Dad is under-going some medication till early October then he has to head back to the hospital for an ultrasound. Hope things will be a-okay.
Went for gym this morning or more like late morning for body pump. Been trying to make sure I'm constant with my attendance. It is the best sort of cardio I could get since I've not been doing any cardio for the past year or so. Been a month I think since I started back body pump and I can seriously see the results faster than I can imagine. Folks have been saying I'm loosing weight and I can feel or see it too. My tees aren't so fit nor tight anymore. Hahaha! Hope to get back my V and abs (dreaming).
Anyway, last night was a last minute movie night and I bought tickets to catch Pete's Dragon. Somehow I felt it was so much better than BFG. I literally slept while watching BFG and for a Steven Spielberg movie it sure was boring.
Back to Pete's Dragon, I've not watch the animated version but one thing is for sure, it made me tear up at so many scenes. There were so many emotional scenes till I could hear my neighbors (few seats away) sobbing quietly as if trying to avoid anyone from hearing them. I just wanted to turn round and say "very sad hor?".

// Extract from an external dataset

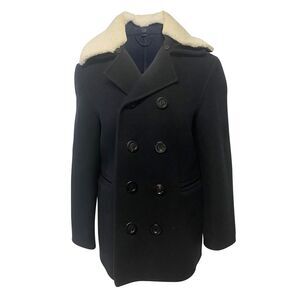 Burberry Double Breasted Coat with Shearling Collar in Black Wool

I'm not sure why but these days if I were to catch any movie with emotional scenes, I would start to get sentimental. When they cry I would tear up. When they die I would cry out (not literally). I'm such an emotional movie goer. Hahaha! Last time I wasn't at all like this but now, gosh I guess something is happening to me. It must be the age factor. LOL. Even when I was watching the X Factor UK auditions there was this part when a guy wrote and sang a song meant for his brother. Instantly while watching it I had tears building up. Seriously guys, watch it below.
Have you watched it? Did it trigger something in you? I hope it did. If it didn't may be you have a really tough heart.
September is here already. Soon its going to be December and the cycle just keeps going on. I feel I've got so much more to do but I just don't know where to start. I feel there's so much more adventure out there but haven't got the time to explore. What am I doing with my life? I want adventures, running around during a cool sunny day, playing in the rain, but seriously why am I not doing all that? The answer is easy. I'm just so freaking busy with work and work is all I know.